Tasty! Jazzed! bay salt prawn skewers in summer veg
The combination of bay leaves and prawns is quite an unconventional one, but I think it’s a winner. This recipe will make enough for a decent batch of bay salt – you can use it instead of normal salt. You won’t need as much as you would normally use though, as the bay gives it extra flavour. Bay salt is great is sprinkled over a shoulder of lamb, a chicken or a piece of pork before roasting. You can keep it in a container for a couple of months if you dry it out first.

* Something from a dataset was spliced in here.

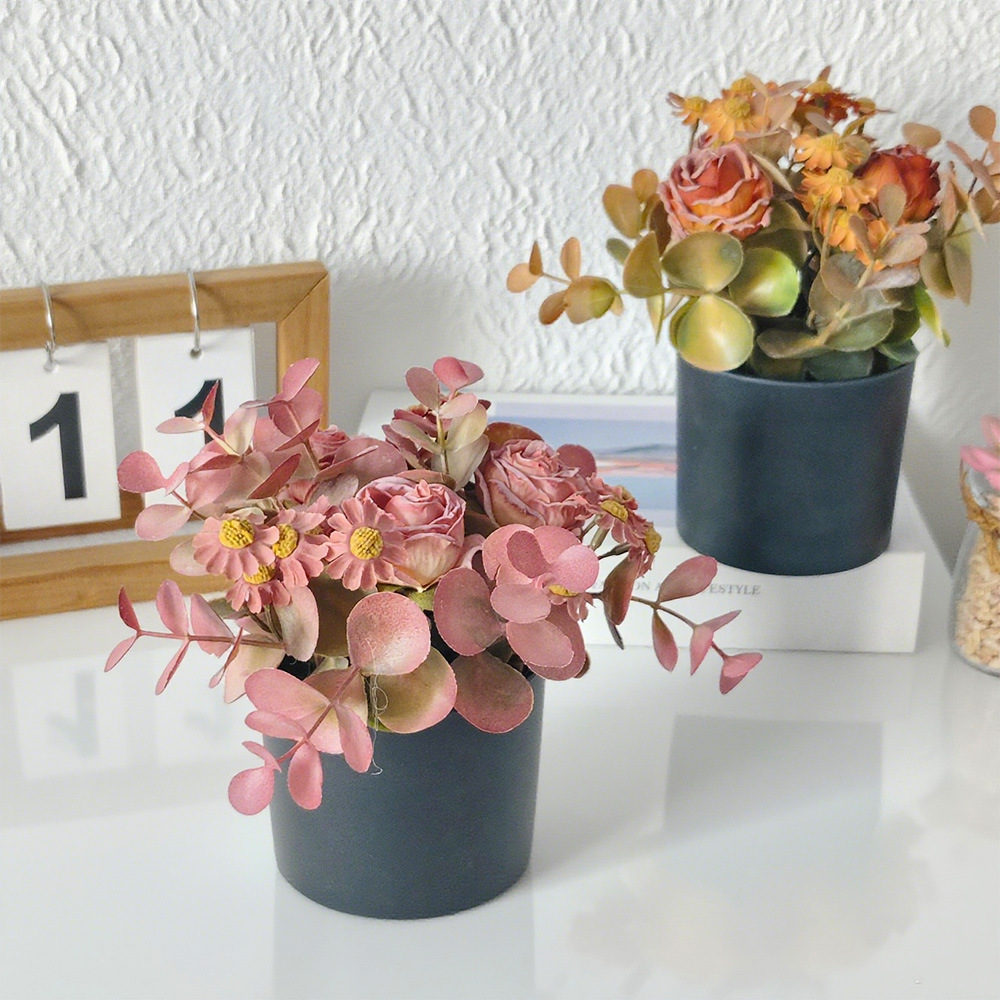 Burbuja rosa camomilla bonsai pequeña decoración de sala de estar fresca tela de seda transfronteriza amazónica flor eterna yugari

The recipe is mainly a main meal, however, I cut down the quanities as their is only my husband and I at home 🙂 Generally the recipe serves four (4) or more people and its amazingly refreshing to see prawns put together with vegies as I know my little cousins hate their vegies. But… I tried Jamie Oliver‘s recipe and WOOLAA… Down in a heart beat. Awesome!
What you will need in order to begin:
• 4 small courgettes
• 10 bay leaves
• 1 tablespoon sea salt
• 3 tablespoons good extra virgin olive oil, plus extra
• juice of ½ lemon
• 2 large handfuls of freshly podded peas
• 2 large handfuls of freshly podded broad beans
• a small bunch of fresh mint, leaves picked
• optional: a few chive flowers
• sea salt and freshly ground black pepper
First of all, get your barbeque good and hot. If you’re using wooden skewers, soak four of them in some cold water for 10 minutes, so they don’t burn when you put them on the barbie later. Thread 5 prawns on to each skewer, make sure you poke through the fat and the thin part of each prawn. Slice the courgettes into ribbons with a speed peeler or a mandolin cutter.

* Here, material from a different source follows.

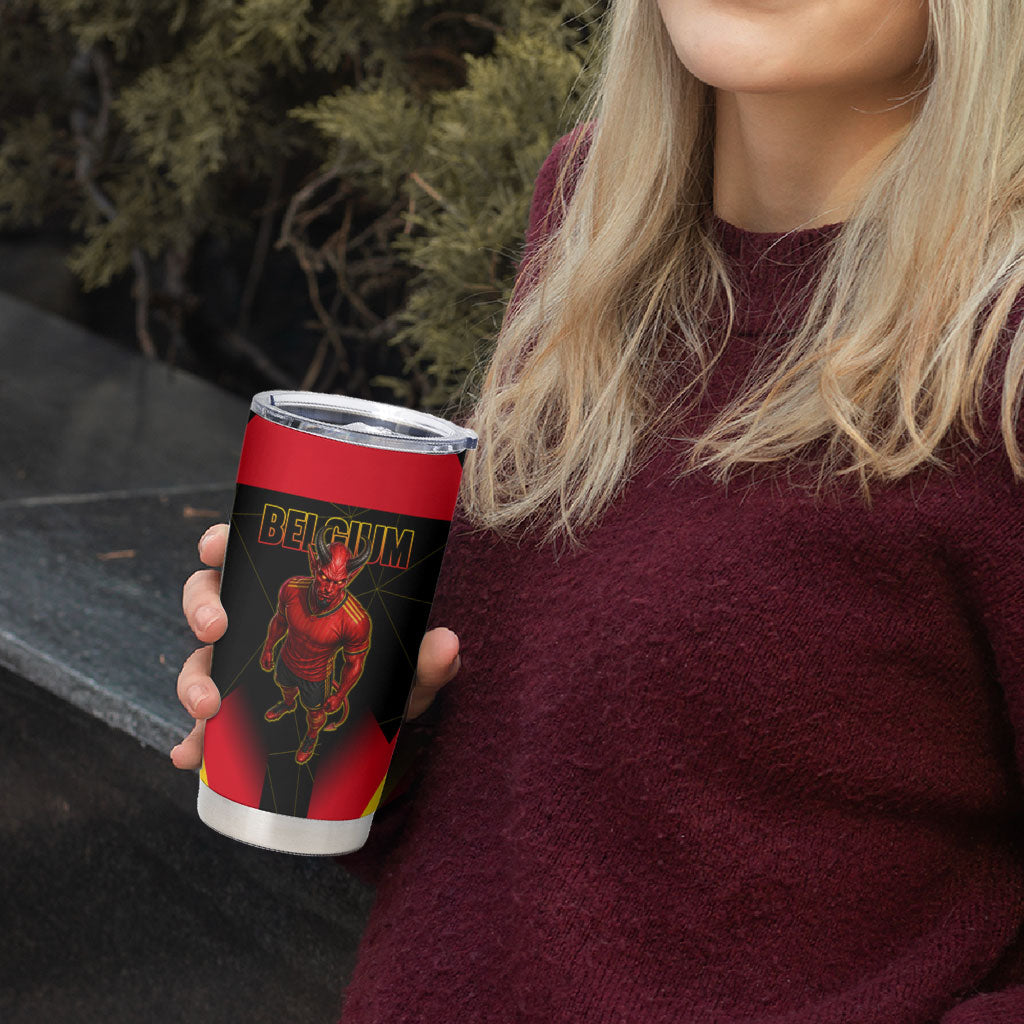 Personalized Belgium Soccer Tumbler Cup Belgian Football Pride Red Devils Mascot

To make the bay salt, crumble the bay leaves into a pestle and mortar and add the salt. Bash up the bay leaves until you have a vibrant green salt and all the bay leaves have broken down and released all their natural oils.

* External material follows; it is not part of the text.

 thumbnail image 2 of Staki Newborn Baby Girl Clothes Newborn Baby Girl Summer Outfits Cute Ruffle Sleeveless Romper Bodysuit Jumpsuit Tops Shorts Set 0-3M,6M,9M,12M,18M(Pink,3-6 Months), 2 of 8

Sprinkle each of the prawn kebabs with a good pinch of the bay salt. Drizzle them with a little olive oil and pat and rub everything in. Place the skewers on the hot barbeque for a couple of minutes on each side. Fill the rest of the barbeque with the courgette slices – as they are so thin, they’ll only need cooking on one side. After 2 minutes, turn over the skewers and cook for a further 2 minutes while you start taking off the courgettes.
Pour 3 tablespoons of good olive oil into a large bowl. Squeeze in the lemon juice and add the peas, broad beans and grilled courgettes. Tear over the mint leaves and the chive flowers, if using. Season with a little salt and pepper and gently mix everything together.
Serve the vegetables in a big bowl in the middle of the table with the skewers on a wooden board next to it. Perfect light, healthy summer eating.